Business Money Market Account: The Better Home for Your Extra Business Cash

If you’ve ever opened your business checking app, saw a healthy balance, and thought, “Nice… but this money isn’t doing anything,” you’re thinking like an owner.
That’s exactly where a business money market account fits. It’s not meant to replace your checking. It’s meant to hold your extra cash—money you want available (for payroll, taxes, slow months, or opportunities) while still earning interest.
I’m going to walk you through everything—plain language, real-life examples, and the “small print” stuff that usually gets skipped.
What is a business money market account?
A business money market account is basically a savings-style business account that can pay interest while still giving you decent access to your money (usually through transfers, and sometimes limited check/debit access depending on the institution).
I like to describe it as:
“A smart parking spot for business cash that you want safe and ready—but not constantly moving.”
The kind of money that belongs here
This account is best for money like:
- tax money you’re holding so you don’t accidentally spend it,
- payroll buffer,
- emergency cushion,
- cash saved for a planned purchase (inventory, equipment, annual insurance),
- “opportunity money” (when you want to act fast).
Not ideal for:
- daily spending (use checking),
- money you won’t need for a long time (you might earn more elsewhere).

How a business money market account works (without the boring talk)
1) You earn interest (usually variable)
Most money market accounts pay a variable rate, meaning it can go up or down over time.
Owner tip: Don’t build your budget assuming the rate will stay the same.

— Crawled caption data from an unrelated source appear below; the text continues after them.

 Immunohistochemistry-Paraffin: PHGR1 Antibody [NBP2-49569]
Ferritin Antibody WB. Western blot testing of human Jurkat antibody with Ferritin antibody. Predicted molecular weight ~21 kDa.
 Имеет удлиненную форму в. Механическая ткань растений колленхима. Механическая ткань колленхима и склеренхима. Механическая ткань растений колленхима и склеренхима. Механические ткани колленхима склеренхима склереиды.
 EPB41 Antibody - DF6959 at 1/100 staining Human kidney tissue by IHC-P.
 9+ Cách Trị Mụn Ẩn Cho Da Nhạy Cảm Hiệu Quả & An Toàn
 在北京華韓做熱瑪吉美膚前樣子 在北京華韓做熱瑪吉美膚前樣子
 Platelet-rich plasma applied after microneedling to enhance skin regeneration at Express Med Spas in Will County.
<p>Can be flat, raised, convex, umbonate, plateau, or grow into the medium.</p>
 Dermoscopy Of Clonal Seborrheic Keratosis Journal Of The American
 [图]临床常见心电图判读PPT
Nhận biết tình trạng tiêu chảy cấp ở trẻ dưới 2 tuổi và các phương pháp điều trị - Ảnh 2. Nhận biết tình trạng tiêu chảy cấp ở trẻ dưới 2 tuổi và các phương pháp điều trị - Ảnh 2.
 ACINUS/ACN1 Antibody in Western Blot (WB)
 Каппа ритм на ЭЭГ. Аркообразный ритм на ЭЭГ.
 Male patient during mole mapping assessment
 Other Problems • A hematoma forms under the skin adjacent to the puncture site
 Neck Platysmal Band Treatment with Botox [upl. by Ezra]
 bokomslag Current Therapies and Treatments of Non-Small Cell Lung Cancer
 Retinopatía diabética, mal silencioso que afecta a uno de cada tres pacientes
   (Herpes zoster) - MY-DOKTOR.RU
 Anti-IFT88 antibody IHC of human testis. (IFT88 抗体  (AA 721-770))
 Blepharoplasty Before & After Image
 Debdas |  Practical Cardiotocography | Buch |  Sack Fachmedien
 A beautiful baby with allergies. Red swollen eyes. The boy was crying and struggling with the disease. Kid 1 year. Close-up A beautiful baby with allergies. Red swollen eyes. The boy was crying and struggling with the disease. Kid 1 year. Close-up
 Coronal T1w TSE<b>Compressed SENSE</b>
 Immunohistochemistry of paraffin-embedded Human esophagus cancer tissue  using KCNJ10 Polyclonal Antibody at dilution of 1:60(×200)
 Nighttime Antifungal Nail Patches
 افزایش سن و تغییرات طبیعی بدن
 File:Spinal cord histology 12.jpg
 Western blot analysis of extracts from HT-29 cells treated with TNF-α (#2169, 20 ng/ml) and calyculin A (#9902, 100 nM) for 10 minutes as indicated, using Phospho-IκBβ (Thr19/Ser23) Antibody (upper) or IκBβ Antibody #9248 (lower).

Treat interest as a bonus, not your plan.
2) Many accounts use tiered rates (this is where people get tricked)
A lot of business money market account options use tiered interest rates—higher balances unlock higher rates.
Here’s what that looks like in real life:
- Balance tier A earns rate A
- Tier B earns more
- Tier C earns the best rate
So when you see a flashy number online, the real question is:
“Do I earn that rate at MY balance?”
Quick example:
If the top rate starts at a very high balance, but you typically keep a moderate cushion, you may earn much less than the headline rate.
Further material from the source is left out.